Unrecognized myocardial infarction and cardiac biochemical markers in patients with stable coronary artery disease

Detta är en avhandling från Örebro : Örebro university

Sammanfattning: Aim: The overarching aim of the thesis was to explore the occurrence and clinical importance of two manifestations of myocardial injury; unrecognized myocardial injury (UMI) and altered levels of cardiac biochemical markers in patients with stable coronary artery disease (CAD).Methods: A prospective multicenter cohort study investigated the prevalence, localization, size, and prognostic implication of UMI in 235 patients with stable CAD. Late gadolinium enhancement cardiovascular magnetic resonance (LGE-CMR) imaging and coronary angiography were used. The relationship between UMI and severe CAD and cardiac biochemical markers was explored. In a substudy the short- and longterm individual variation in cardiac troponins I and T (cTnI, cTnT) and N-terminal pro-B-type natriuretic peptide (NT-proBNP) were investigated.Results: The prevalence of UMI was 25%. Subjects with severe CAD were significantly more likely to exhibit UMI than subjects without CAD. There was a strong association between stenosis ≥70% and presence of UMI in the myocardial segments downstream.

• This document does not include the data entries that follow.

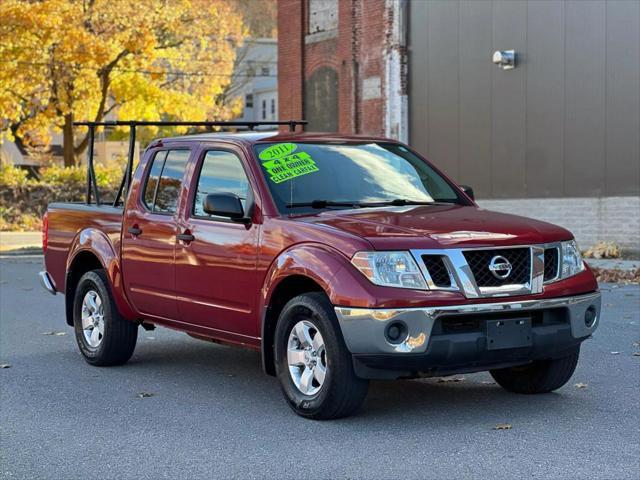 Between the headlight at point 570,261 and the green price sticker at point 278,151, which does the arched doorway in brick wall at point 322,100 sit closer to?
the green price sticker at point 278,151

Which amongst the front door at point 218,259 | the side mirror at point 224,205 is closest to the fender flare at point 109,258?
the front door at point 218,259

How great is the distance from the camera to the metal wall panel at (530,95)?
69.3ft

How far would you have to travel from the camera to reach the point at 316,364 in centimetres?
686

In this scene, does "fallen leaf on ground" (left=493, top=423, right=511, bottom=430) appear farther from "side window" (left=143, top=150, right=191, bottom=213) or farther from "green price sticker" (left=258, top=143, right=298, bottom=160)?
"side window" (left=143, top=150, right=191, bottom=213)

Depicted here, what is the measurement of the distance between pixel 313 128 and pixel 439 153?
5.66 m

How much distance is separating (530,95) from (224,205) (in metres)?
16.7

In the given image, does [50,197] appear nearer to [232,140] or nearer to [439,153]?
[439,153]

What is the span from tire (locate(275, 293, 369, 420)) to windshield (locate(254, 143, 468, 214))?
2.75 ft

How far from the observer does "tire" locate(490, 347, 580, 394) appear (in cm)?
747

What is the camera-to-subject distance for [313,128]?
30375mm

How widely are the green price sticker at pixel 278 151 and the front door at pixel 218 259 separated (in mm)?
190

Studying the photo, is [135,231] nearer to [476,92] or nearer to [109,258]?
[109,258]

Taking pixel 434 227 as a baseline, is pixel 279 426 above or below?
below

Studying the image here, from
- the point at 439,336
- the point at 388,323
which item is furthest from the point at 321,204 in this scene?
the point at 439,336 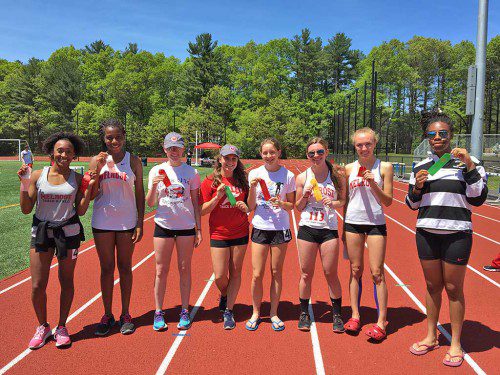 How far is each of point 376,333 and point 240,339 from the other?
4.07ft

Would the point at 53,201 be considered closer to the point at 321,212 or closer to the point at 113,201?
the point at 113,201

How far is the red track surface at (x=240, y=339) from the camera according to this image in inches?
120

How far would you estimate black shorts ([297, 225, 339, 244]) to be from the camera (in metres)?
3.49

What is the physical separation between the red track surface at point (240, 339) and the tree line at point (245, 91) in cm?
4693

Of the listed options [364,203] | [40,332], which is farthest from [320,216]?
[40,332]

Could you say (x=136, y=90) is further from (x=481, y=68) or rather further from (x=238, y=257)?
(x=238, y=257)

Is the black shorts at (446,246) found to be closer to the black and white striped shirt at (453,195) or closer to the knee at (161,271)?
the black and white striped shirt at (453,195)

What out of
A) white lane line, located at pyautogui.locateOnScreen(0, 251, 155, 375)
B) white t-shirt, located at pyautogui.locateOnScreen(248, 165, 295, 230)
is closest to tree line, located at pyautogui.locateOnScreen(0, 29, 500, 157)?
white lane line, located at pyautogui.locateOnScreen(0, 251, 155, 375)

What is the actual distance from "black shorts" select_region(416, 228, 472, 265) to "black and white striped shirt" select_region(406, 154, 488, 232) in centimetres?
7

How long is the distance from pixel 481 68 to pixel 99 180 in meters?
9.19

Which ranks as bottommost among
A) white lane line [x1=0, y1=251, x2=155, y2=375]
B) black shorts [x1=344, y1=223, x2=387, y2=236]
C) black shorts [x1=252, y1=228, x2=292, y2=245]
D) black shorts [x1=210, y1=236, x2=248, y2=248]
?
white lane line [x1=0, y1=251, x2=155, y2=375]

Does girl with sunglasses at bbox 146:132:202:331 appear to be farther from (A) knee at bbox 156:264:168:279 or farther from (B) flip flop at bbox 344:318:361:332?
(B) flip flop at bbox 344:318:361:332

The presence of UMI was associated with a significant threefold risk of adverse events during follow up. After adjustments UMI was associated with a nonsignificant numerically doubled risk. The levels of cTnI, NT-proBNP, and Galacin-3 were associated with the presence of UMI in univariate analyses. The association between levels of cTnI and presence of UMI remained significant after adjustment. The individual variation in cTnI, cTnT, and NT-proBNP in subjects with stable CAD appeared similar to the biological variation in healthy individuals.Conclusions: UMI is common and is associated with significant CAD, levels of biochemical markers, and an increased risk for adverse events. A change of >50% is required for a reliable short-term change in cardiac troponins, and a rise of >76% or a fall of >43% is required to detect a long-term reliable change in NT-proBNP.